Drone technology has advanced all of that stuff – the autopilot, the stabilization – to the point where we nearly don't have to do any R&D for that. We can just about start from off-the-shelf products and customize it for our use.
And of course mobile phones – that's generated such a leap in accelerometers and sensors. The power you're carrying around now in terms of inertial measurement and GPS – it used to cost a hundred thousand dollars. Now an iPhone's got three, and they probably cost 20 cents each. And that's driven drone technology.
Then there's the software. Honestly, we could probably build this thing initially using standard hobby-grade DJI software, and it'd work, and it'd probably be pretty much bulletproof, the way they make these things these days. It's just that we want to have redundancy, and we want to be really, really sure that if some circuit board fries, it's got a backup. That's where the engineering effort becomes pretty serious.
But just 15 years ago, it would have been an incredibly daunting undertaking. You would've had to go to Lockheed Martin or Northrop Grumman for every component. Now you could probably build a whole prototype for a million bucks.
Of course, people are doing it a lot cheaper – I've seen some of the videos. For 10 grand you could get something together if you were crazy enough to fly the thing. But if you want to make something that's a little more mil-spec in terms of reliability and redundancy and what have you, and you want to do the carbon fiber work properly, and the engineering studies, it's a more expensive exercise.
What's the timeframe on getting a prototype built?
Our head engineer Stefano, he gets to work on this as his third priority after the electric six-fan jetpack (the JB12) and the six-turbine jetpack (JB-11). Poor bugger! The JB-11 should be finished by the end of February.
The electric fan jetpack is next.
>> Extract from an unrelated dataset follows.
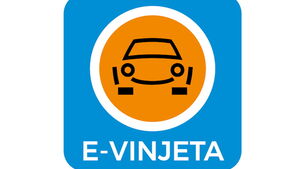 Ein Symbol für die elektronische Vignette (E-Vinjeta) in Slowenien. Der Hintergrund der Grafik ist hellblau, in der Mitte ein oranger Kreis mit einem gezeichneten Auto, unterhalb steht in weißer Schrift E-Vinjeta.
And it won't just be a training rig – it should be able to fly under battery power for about five minutes. It's going to be a pretty awesome machine. You get the redundancy benefit from multiple fans, we get to play with stabilization systems because it's electric and that's really easy, and it's a lot quieter – and frankly it's part of the deal we've got with the US military guys.
In fact, that's how we bumped into Jamie Hyneman, formerly of Mythbusters, who was working on a similar concept for the same guys. Now we're going to work on the same concept together.
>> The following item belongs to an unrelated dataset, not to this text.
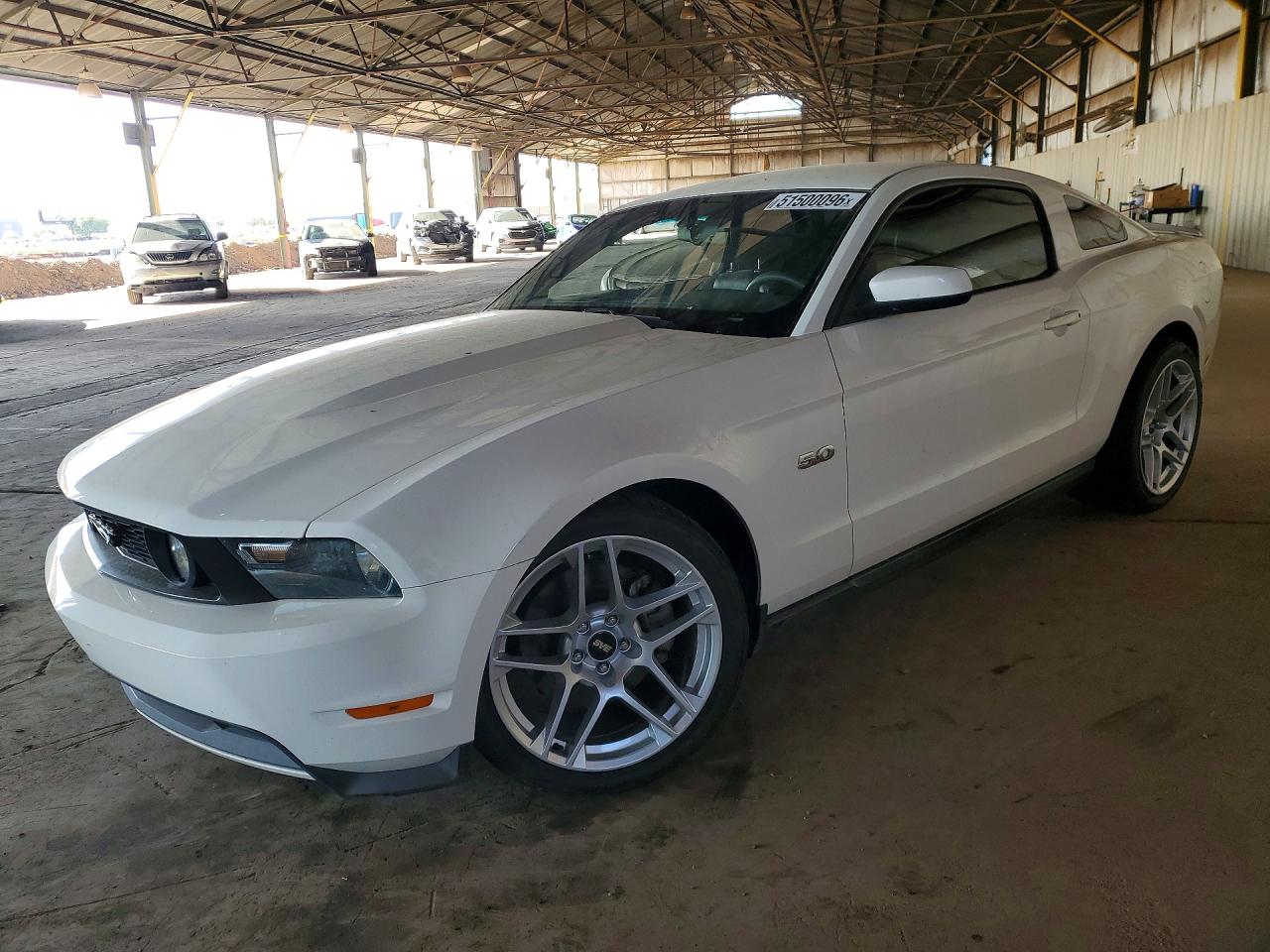 2012 Ford Mustang GT Premium, VIN 1ZVBP8CFXC5256850 — Side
The JB-12 won't be much heavier than the JB-10 turbine jetpack – maybe 15 percent – but it will be physically larger, because each of those six fans is 10 inches (25 cm) in diameter. We've got a bunch of them.
For a company of four people, the pace is insane. We're getting an amazing amount done. These VTOL renders are pretty accurate, we believe. We know where we can get the motors, we know where we can get the props, we know where we can get the control systems… We just haven't started building it yet. I think maybe six months is a reasonable estimate on when we'll start. To some extent it's a bit cash flow dependent, but assuming all goes well it'll be in that sort of timeframe.
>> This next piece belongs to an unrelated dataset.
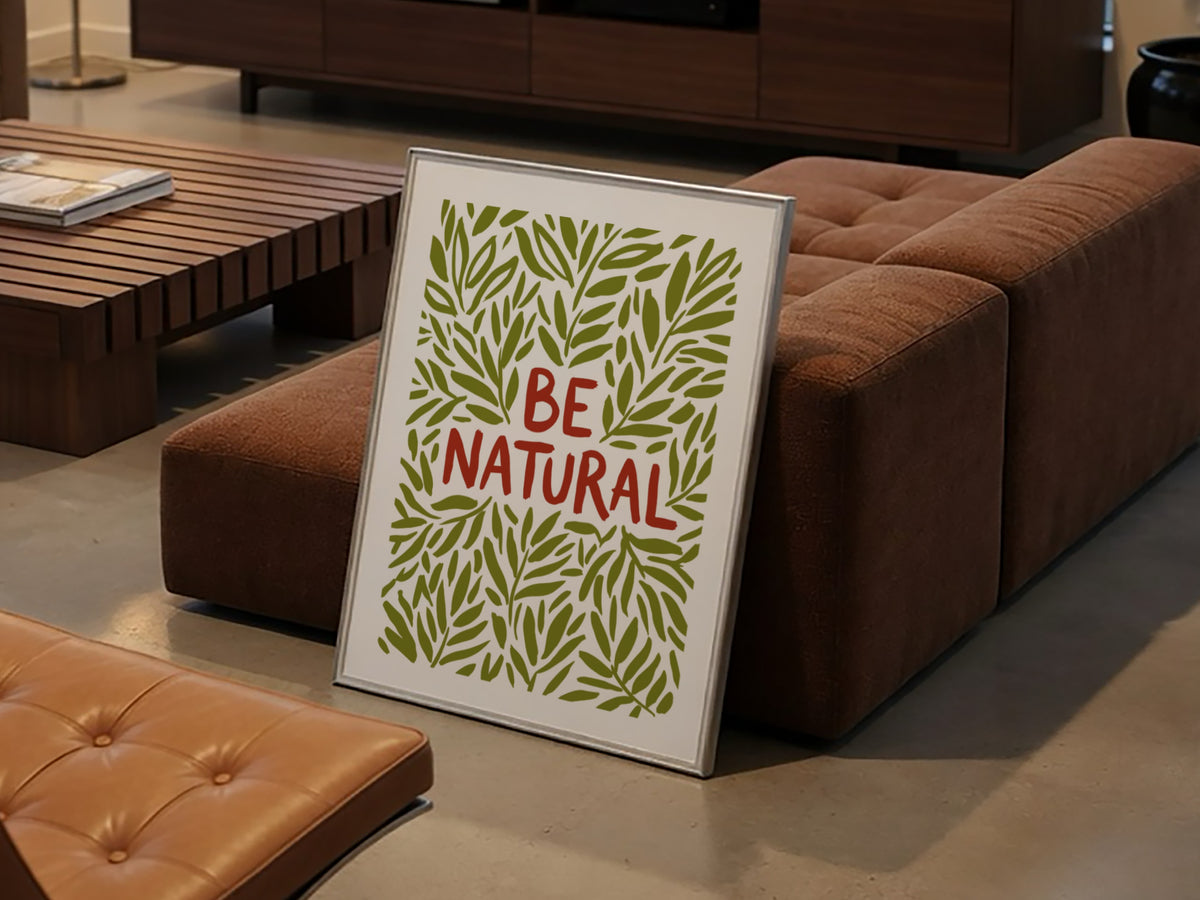 Motivational poster with Be Natural text surrounded by hand-drawn olive green leaf illustrations.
And it shouldn't actually be a long build. The carbon fiber work is a known entity. The accelerometers and the autopilot, that sort of thing, we know exactly which systems we want to use. The build time on a prototype shouldn't be that long.
How can you ensure pilot safety?
In terms of redundancy, with the VTOL, we've got 12 props. And while it does depend on which side you get the failures on, we're working on the basis that you could lose half your motors and still come down at an acceptable descent rate. Then it goes to the undercarriage system – something that can collapse in a certain way.
Most of these will probably have a ballistic parachute, but parachutes are only effective above a certain height, which depends on your horizontal velocity and height. If you're in a hover, then with the fastest stuff any of the companies we're talking to can build – Parazero and what have you – it'd only be effective if you're above 50 or 60 feet (15 or 18 m), which is actually really low. They can bring you down safely from that kind of height.
There's a bunch of companies working on a solution to get a canopy out for when you're moving slowly and you get an immediate stable descent. They might punch it out with an airbag, or drag it out with a tractor rocket. They might fire out weights, like lead balls, that open the canopy out immediately.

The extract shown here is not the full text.